The truth is that the political initiatives of democracy-building combine Schmittian ‘friend-foe’ dualism with Machiavellian ‘strong-weak’ relativism. This is why instead of spreading democracy where it is most needed (like China, Vietnam, North Korea, Venezuela, or Cuba), the Western powers have chosen to promote sudden and violent change in Africa and the Middle East. We need look no further than Afghanistan to see the failure of this approach. What hidden economic or ideological agenda led to the interventionism of the Bush and Obama-Clinton administrations, supported by their European henchmen? What excuses the clumsy, almost criminal, approach of the twenty-year intervention in Afghanistan? Have the ‘liberated’ peoples become better, happier, supported by more democratic institutions? Has Islamic totalitarianism been confronted? Or, on the contrary, has it been empowered?
Was it worth sacrificing millions of human beings—lives and property destroyed forever, entire communities pushed to the brink of extinction—as in Syria and Iraq? What kind of democracy-building do we expect to see from populations constantly torn apart by foreign wars, societies in which those most inclined towards and receptive to Western-inspired processes—the Christians—have been practically annihilated? But the elites behind global capital and the constellations of NGOs that benefit from that capital are likely satisfied with such lucrative results.

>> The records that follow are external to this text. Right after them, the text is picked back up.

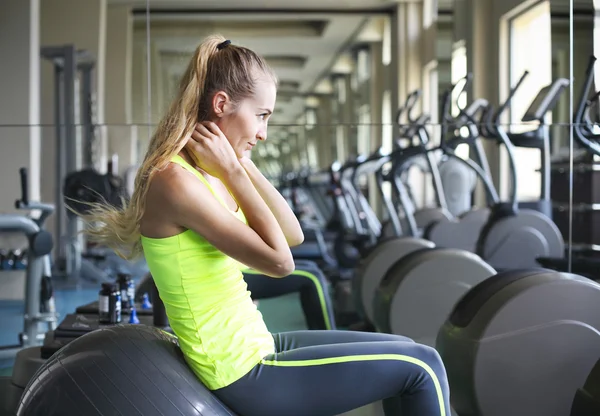 Side view of young fit woman doing sit-ups on exercise ball — Stok fotoğraf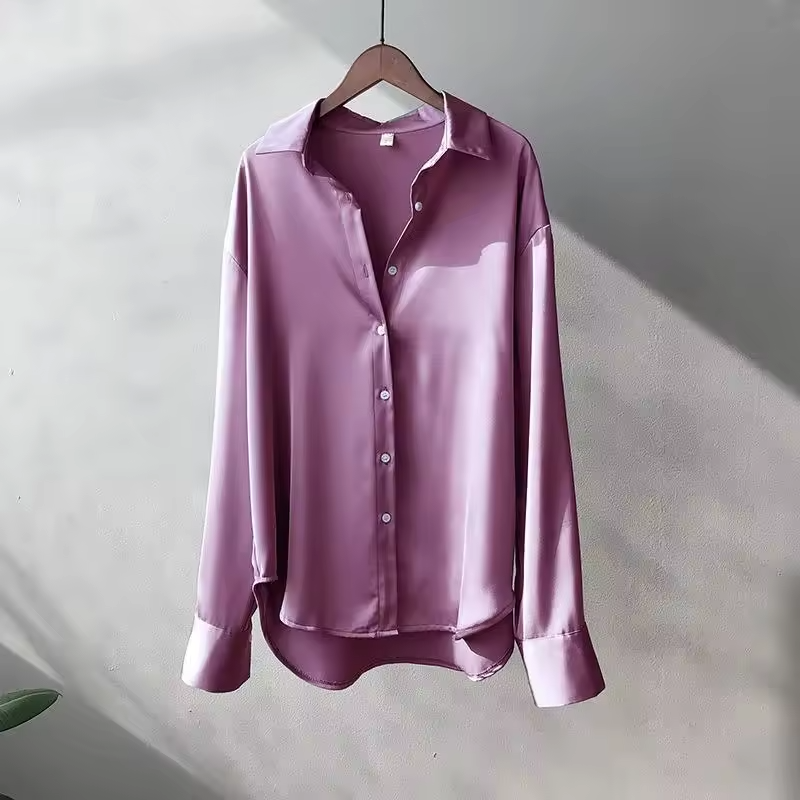Women's fashion long sleeve button down blouse with relaxed elegant fit. Versatile top for modern style.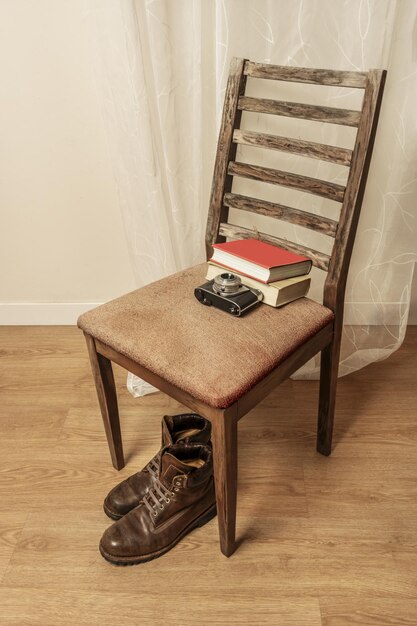 Foto botas de cuero marrón al lado de una cámara antigua y algunos libros en una vieja silla tapizada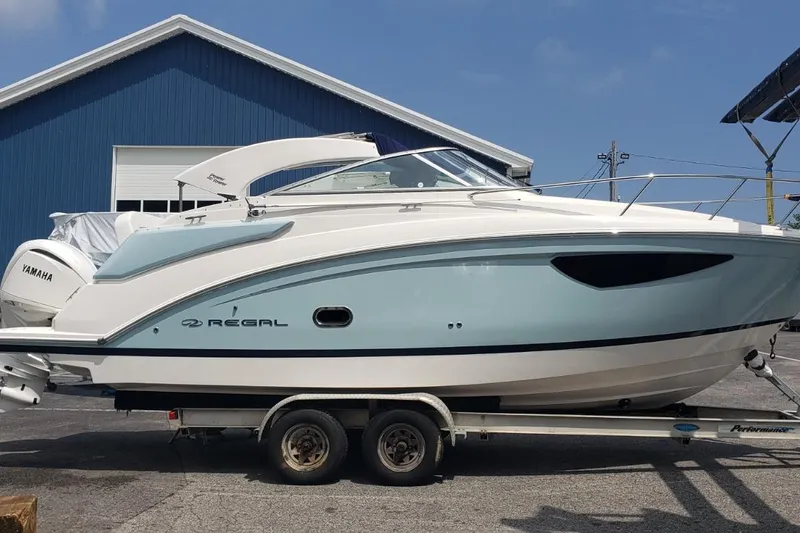 Slide: The Image of 2024 Regal 26 XO boat on trailer, side view, blue and white design. - 7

Does this criticism of recent exploits show contempt for the procedures and purposes of democracy-building? Not at all. On the contrary, all initiatives on the ground that might promote or strengthen a sturdy civil society are commendable. However, the only way to bring a national society out of a state of dependence on the whims of an elite-controlled mob is through a stable, enduring, and comprehensive educational system that is immune to political whims. Only then can democratic civic participation contribute to the elevation of the polis.
Creating this educational system, of course, demands transparent and honest electoral processes and a culture of justice and authority at the service of all equally. It also requires balanced governance that combines subsidiarity with solidarity; in other words, nations must be democracies in practice, not merely in name.

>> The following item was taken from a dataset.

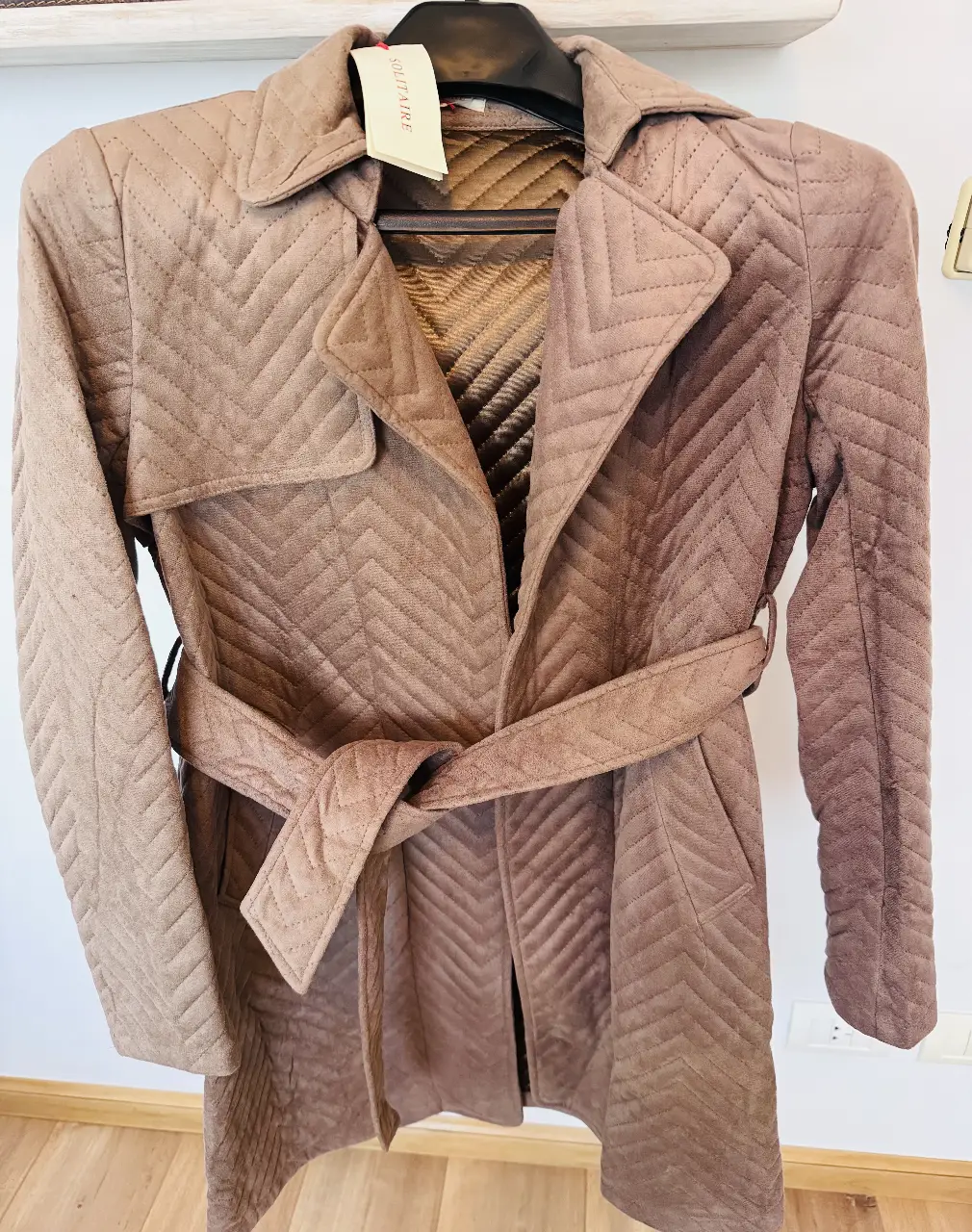 Trench de gamuza acolchado color marrón avellana. Largo total 90 cm. Posee cinturón para ajustar en la cintura y un diseño de costuras en zig-zag. Ideal para un look elegante y abrigado.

Conservatives, of course, are aware of the urgent need to reduce the bureaucratic machine to a minimum. But in the quest to devolve governance to the local level, we must not forget the existential dignity of the penniless castaways generated by the oligarchic system. Our faux-democracies have for decades cultivated a sense of dependence that will take further decades to unlearn—and in the meantime, we must develop social structures to support citizens just now learning what it means to be free.